Tra l'incredulo e l'arrabbiato il sindaco di Misano di Gera d'Adda Daisy Pirovano commenta la richiesta di spiegazioni da parte della Corte dei Conti della Lombardia per 500 euro di spese di rappresentanza del 2012: “Erano corone d'alloro e un mazzo di fiori. Assurdo, mi sento umiliata”.

La richiesta verso la fine dello scorso anno poi il sollecito a metà gennaio: la Corte dei Conti della Lombardia scrive al Comune di Misano di Gera d’Adda per chiedere di giustificare le spese di rappresentanza, per un totale di 500 euro, sostenute nell’anno 2012.

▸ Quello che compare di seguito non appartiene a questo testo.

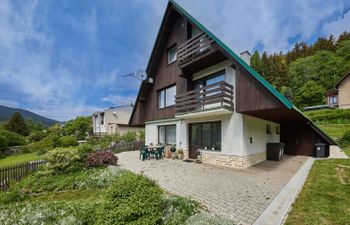 Villa Jana Holiday Home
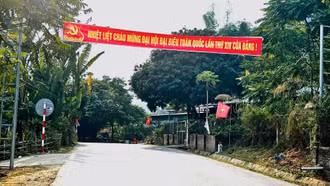 Đảng viên đi trước trong xây dựng nông thôn mới ở Bản Xèo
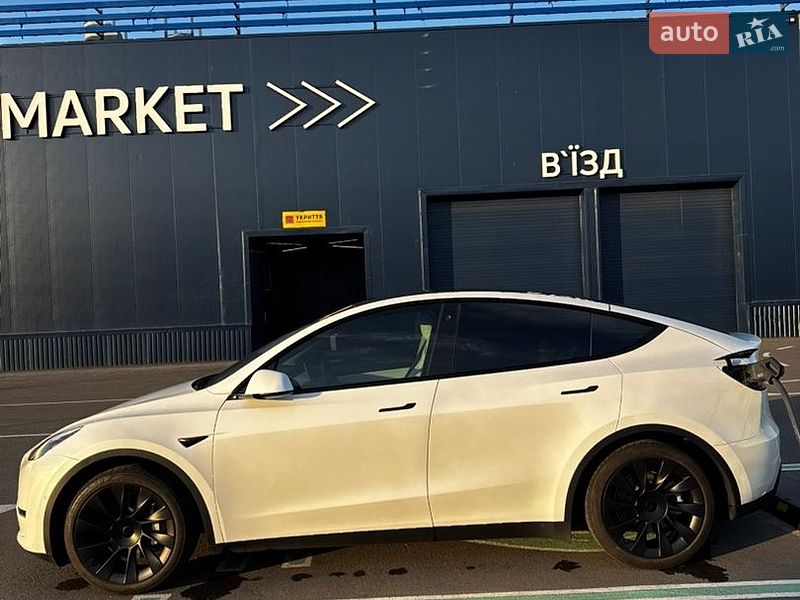 Позашляховик / Кросовер Tesla Model Y 2022 в Чернігові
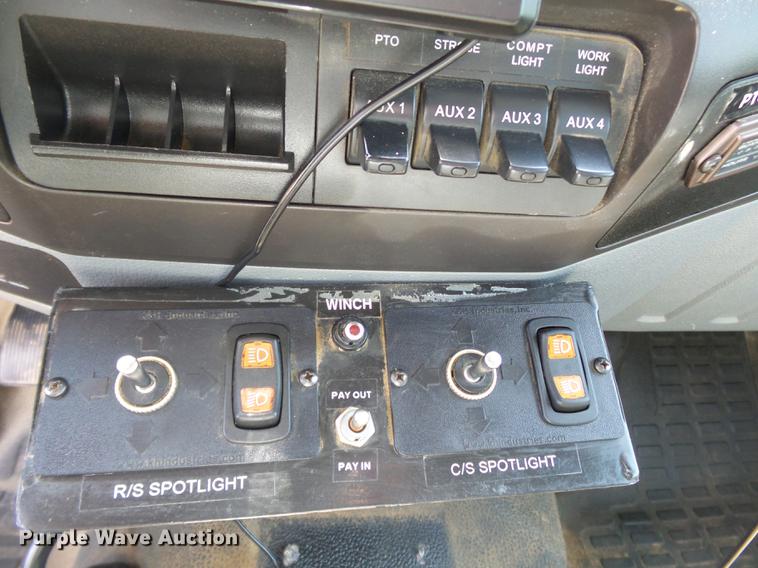 image for item DB7129 2011 Ford F550 Super Duty bucket truck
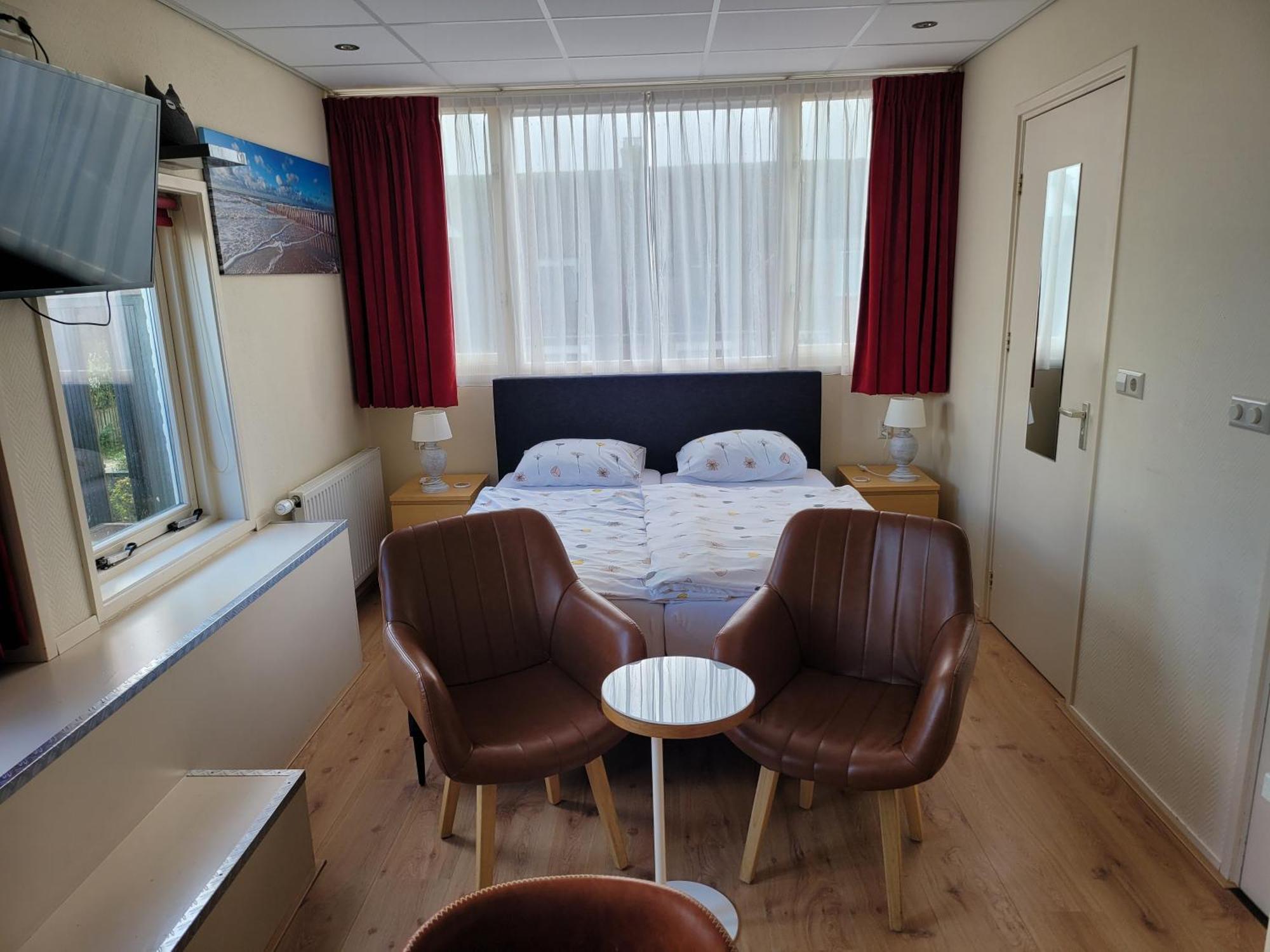 pension canberra Bergen aan Zee Esterno foto
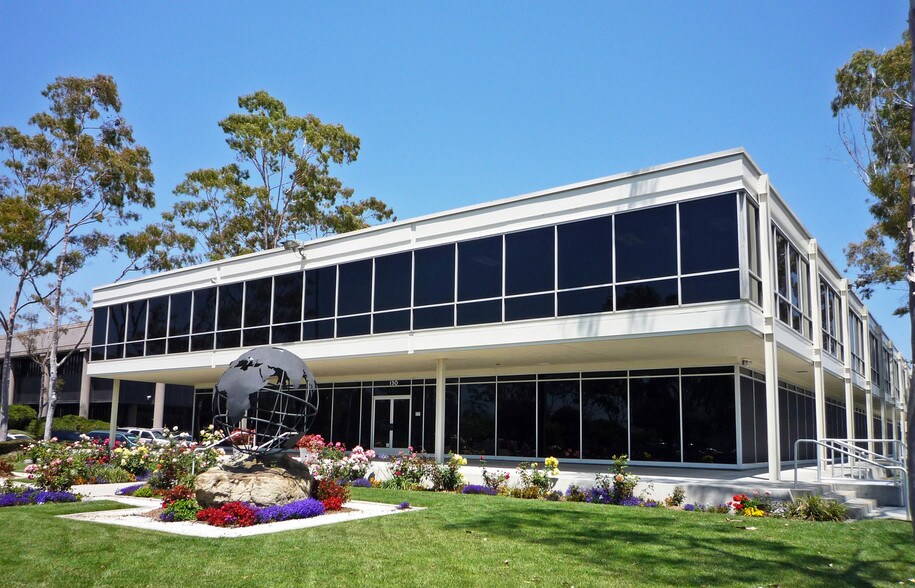 130 Robin Hill Rd, Goleta, CA à louer - Autre – Image 3 sur 53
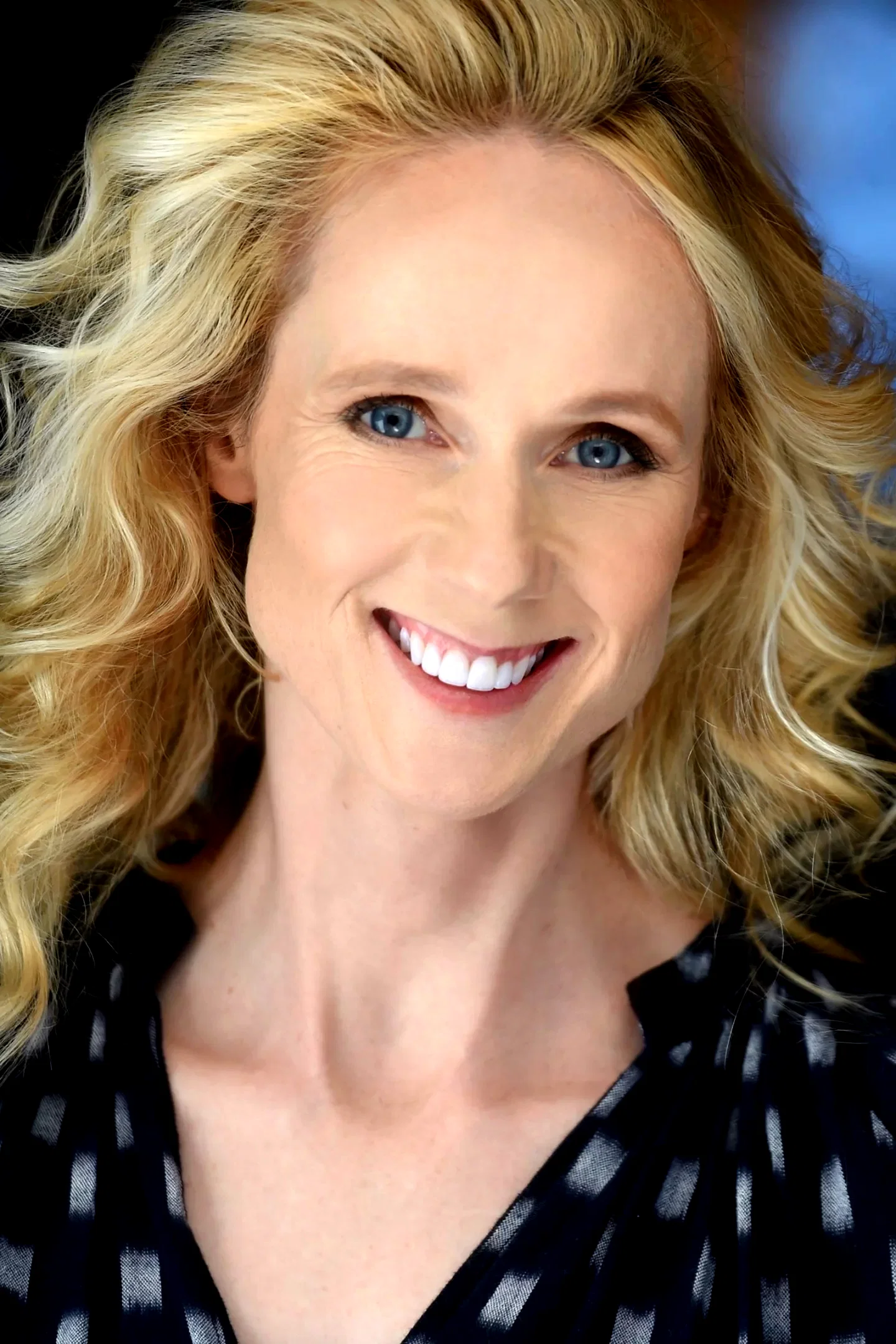  Lucy Taylor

Una grossa sorpresa per il sindaco Daisy Pirovano che ha espresso tutto il suo disappunto in un messaggio lasciato sulla propria pagina Facebook, spiegando il motivo di tale esborso: “Due cavolo di corone di alloro per il 25 aprile, 1 novembre e un mazzo di fiori per la Commemorazione Eccidio di Fossoli ove fucilato il nostro compaesano Ten. Emanuele Carioni durante la seconda guerra mondiale. Sono le UNICHE spese di rappresentanza che abbiamo in un anno: zero rimborso viaggi per amministratori, zero rimborso pasti, zero spese, zero di qualsiasi altra cosa! Senza contare tutti i soldi che ci mettiamo di tasca nostra e tutto il volontariato per evitare di pesare sulle casse comunali, anche quando avremmo tutto il diritto di farlo. Come fa una a non incazzarsi?!?!?! Questo è uno STATO DI POLIZIA, non è una democrazia!!”.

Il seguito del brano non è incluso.